Но если военно-политические просчеты царизма имели место до крестьянской реформы 1861 г., то после нее главным просчетом царизма Г. Уиллетс считал сохранение в аграрном законодательстве России экономически неэффективной общинной формы землевладения и всей системы ее эксплуатации. Он отмечал живучесть «феодальных пережитков» в России, которые поддерживали кризисное положение в аграрной сфере российской экономики, продолжавшийся в течение всего пореформенного периода.
Г. Уиллетс фактически признал ленинскую оценку крестьянской реформы 1861 г., проведенной дворянством за счет интересов широких крестьянских масс. Это, в свою очередь, повлекло за собой не менее существенные потери в сфере социальных отношений в деревне. Действительно, с автором трудно не согласиться.
Остававшееся на период выкупной операции прикрепление крестьян к земле оказалось более сложным прикреплением к деревне и помещику, снижало завоевания de jure в сфере гражданских прав крестьян того периода.
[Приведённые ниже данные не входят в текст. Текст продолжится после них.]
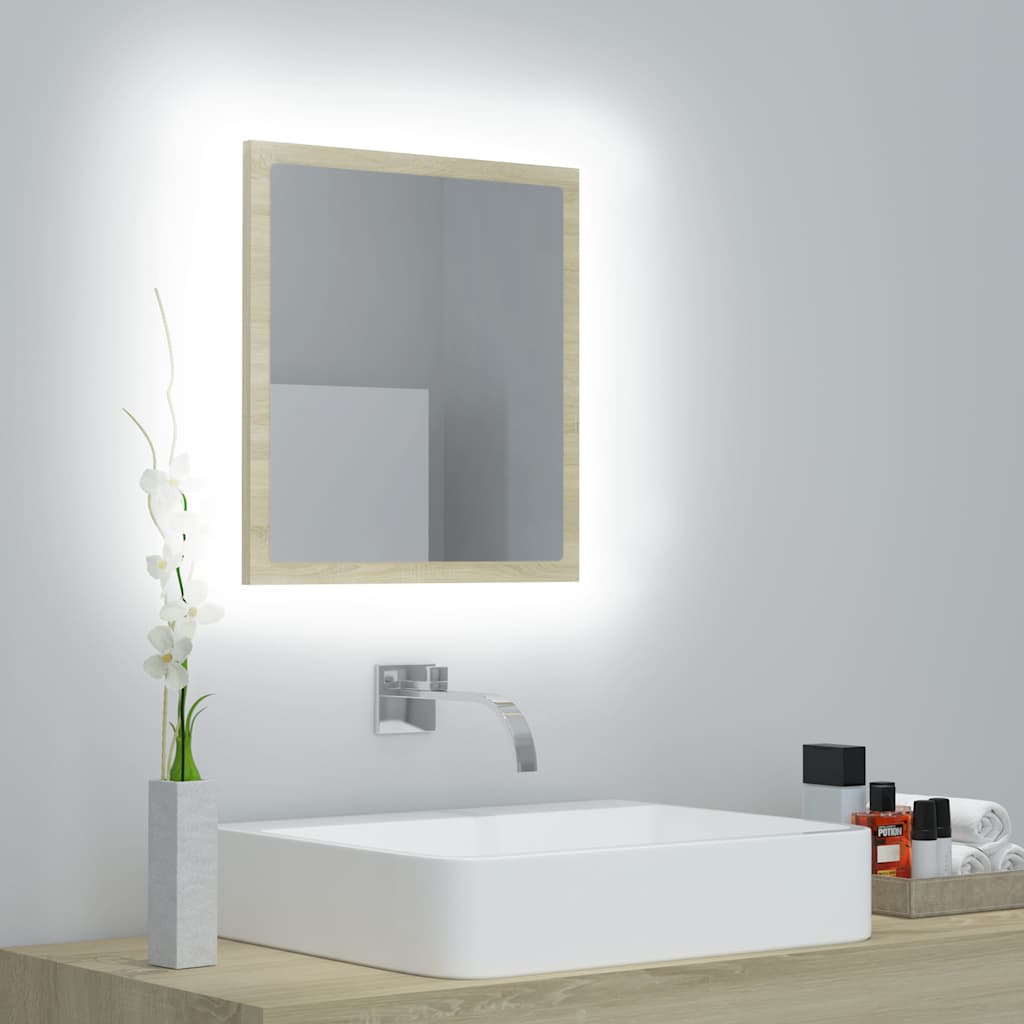 Vidaxl badkamerspiegel led 40x8,5x37 cm acryl sonoma eikenkleurig
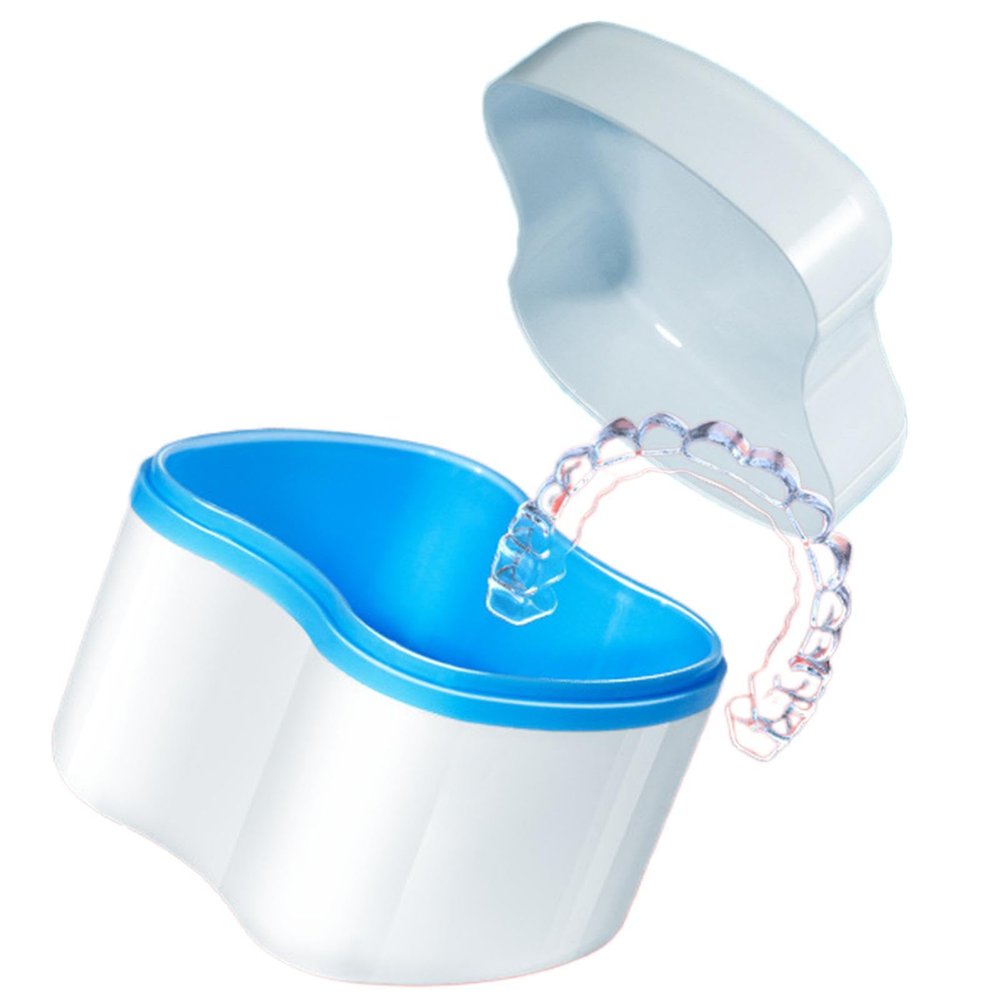 Denture Case, Denture Case For Travel | Removable Denture Cleaning Case | Portable Denture Cleaning Box, Retainer Cup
Таким образом, само сохранение общинной формы землевладения в России явилось компромиссом с различными по значению последствиями.
Содержание статьи Г. Уиллетса подводит нас к выводу, что в представлениях западноевропейских ученых сельская община в России второй половины XIX в. оставалась «реликтом традиционных аграрных установлений». Ведь они считали, что в странах Запада, которые продемонстрировали «исторически исключительный случай» развития, институт общины как форма землевладения, как поземельно-хозяйственный союз крестьян уже разложился к середине XIX в. Состояние общины в России оценивалось по аналогии как неуклонно разлагающееся.
Однако в советском общиноведении с 70-х годов разрабатывается иная точка зрения, чем господствовавшая многие годы в зарубежной медиевистике и литературе по истории развивающихся стран. Институт общины трактуется как институт с широкими функциями. Такие массовые источники, как помещичьи инструкции по управлению вотчинами, документы сельских и волостных правлений и судов, показывают общину многофункциональной.